A medida foi confirmada pela instituição em nota oficial divulgada nesta quinta-feira (15). Segundo a universidade, o afastamento ocorre no âmbito de um procedimento disciplinar instaurado para apurar fatos relatados por estudantes da instituição.
Além da suspensão presencial, a UFMT informou que concedeu ao acadêmico o regime de educação domiciliar, impedindo sua circulação dentro da universidade enquanto as investigações seguem em andamento.
Conforme a nota, o estudante também está proibido de manter contato com possíveis testemunhas do caso durante o andamento do procedimento administrativo.
“A medida possui caráter cautelar e visa preservar a segurança da comunidade acadêmica e o ambiente institucional durante a apuração do caso”, informou a universidade.
A decisão amplia as medidas adotadas pela UFMT desde o início da repercussão do caso, que começou após a circulação de prints atribuídos a estudantes da instituição com falas sobre “molestar” colegas e elaborar uma lista classificando mulheres como “mais estupráveis”.
Segundo a universidade, os procedimentos seguem as regras previstas na Resolução CONSUNI nº 281/2025, que institui o Regimento Disciplinar do Corpo Discente da UFMT.
A instituição afirmou ainda que todas as medidas estão sendo conduzidas com garantia do devido processo legal, ampla defesa e preservação da integridade da comunidade acadêmica.

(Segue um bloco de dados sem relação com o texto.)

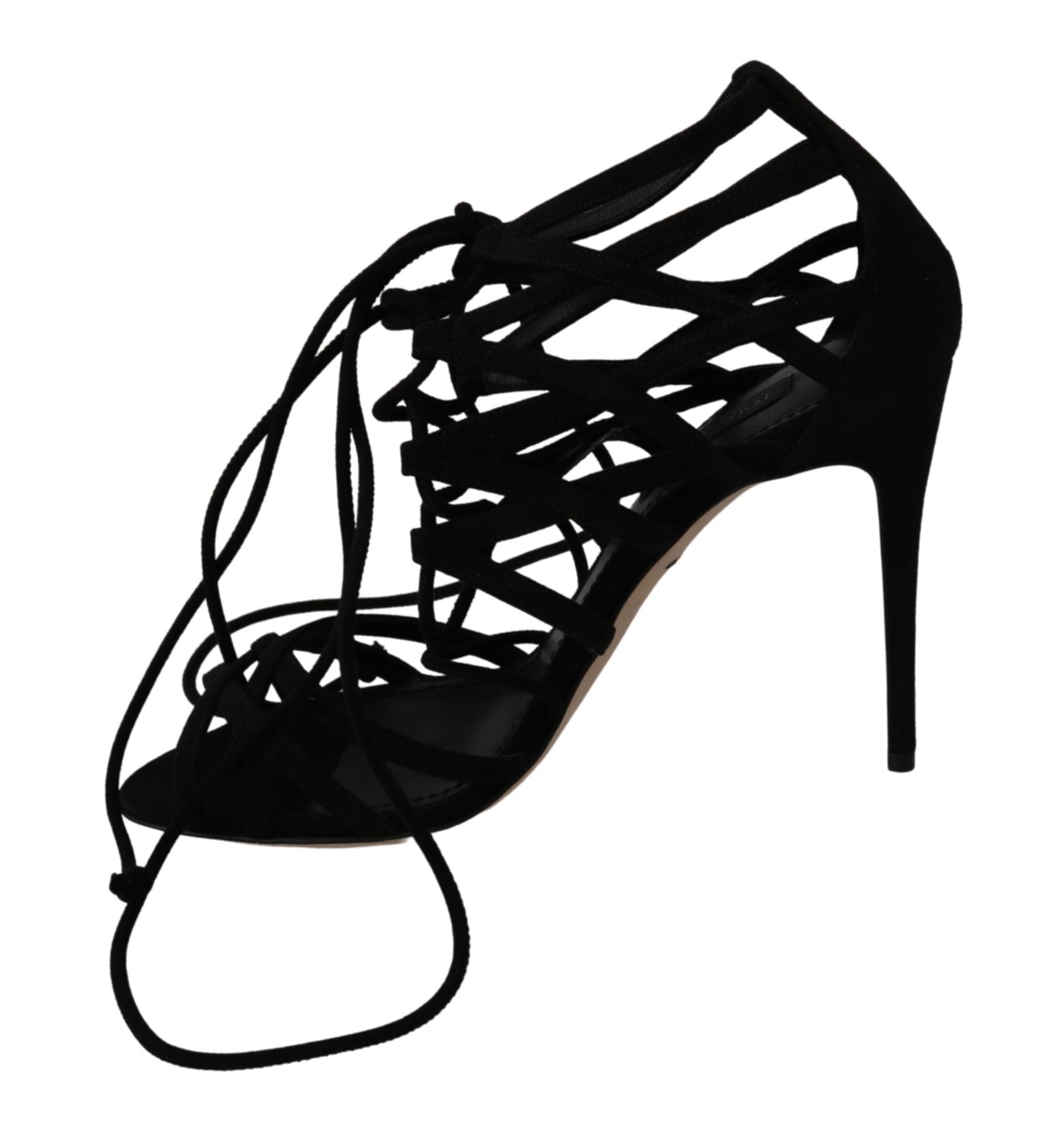 Dolce & Gabbana Black Suede Strap Stilettos Shoes Sandals Dolce & Gabbana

Na nota, a UFMT também ressaltou que os fatos seguem sendo acompanhados pelas autoridades competentes, incluindo a Delegacia Especializada de Defesa da Mulher.
INVASÃO E AMEAÇAS
O caso ganhou novos desdobramentos nesta semana após estudantes denunciarem que o pai de um dos investigados teria invadido o campus e ameaçado acadêmicos da Engenharia Civil. Após o episódio, a universidade suspendeu aulas presenciais do curso e reforçou a segurança interna com apoio da Polícia Militar.
Desde o início da repercussão, a UFMT instaurou procedimentos disciplinares nas faculdades de Direito e Engenharia Civil, além de manter um estudante de Direito suspenso liminarmente.

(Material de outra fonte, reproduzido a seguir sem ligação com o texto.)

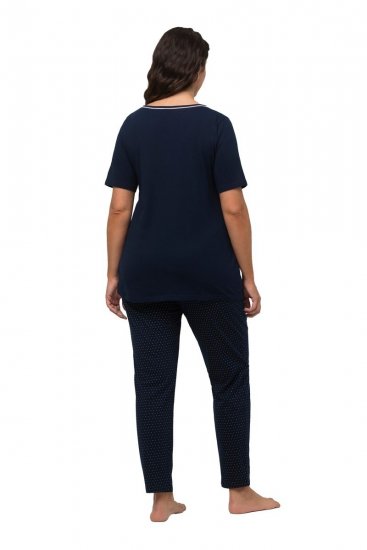 Ulla Popken 821244 Pyjama mit Punkten Dunkelblau - Pyjama/Loungewear -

A universidade declarou que novas medidas poderão ser adotadas após a conclusão das investigações internas.
CONFIRA A NOTA NA ÍNTEGRA
“A Universidade Federal de Mato Grosso informa que acompanha integralmente os desdobramentos relacionados aos casos envolvendo estudantes dos cursos de Direito e Engenharia Civil do Campus Cuiabá, adotando todas as medidas institucionais cabíveis para apuração rigorosa dos fatos, em conformidade com a Resolução CONSUNI nº 281/2025, que institui o Regimento Disciplinar do Corpo Discente da instituição.
Desde a manifestação inicial do Centro Acadêmico da Faculdade de Direito, que denunciou a existência de uma suposta “lista de alunas estupráveis”, a gestão superior da UFMT, em conjunto com as unidades acadêmicas envolvidas, passou a conduzir os procedimentos institucionais previstos na legislação interna da universidade, assegurando o devido processo legal, o direito à ampla defesa e a proteção da comunidade universitária.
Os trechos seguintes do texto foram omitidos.